Marshall first "raised letters of inhibition" against his wife on 2 June 1796. They divorced in November 1803, after eleven years of marriage, although it took two attempts due to Marshall's providing insufficient evidence of said adultery. Even while he was building his case, the defendant was sleeping with several officers, one of whom testified in court that he had "enjoyment of her person".

The proceedings gave way to several Scots ballads, including "Rosey Anderson":

There was an Assembly into Perth, and Rosey she was there,
Lord Elgin danced with her that night, and did her heart ensnare,
Lord Elgin danced with her that night, she walked home on his arm,
Hay Marshall he came rushing in, in very great alarm.
Thomas Hay Marshall died in 1808, aged 38. He was living alone at Whistlecroft on the eastern side of the River Tay.
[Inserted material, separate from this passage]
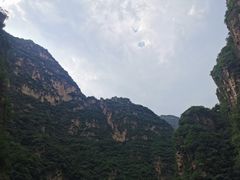 -龙庆峡风景区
He was also in debt, according to several sources. Anderson went to live with her parents in Edinburgh, her father's fortune having suffered from the decline in Perth's linen trade. She continued to "have liaisons with officers from a fort or battery between Newhaven and Leith". She later moved to London, where she had a son and spent time in Bethlehem Hospital, a psychiatric institution.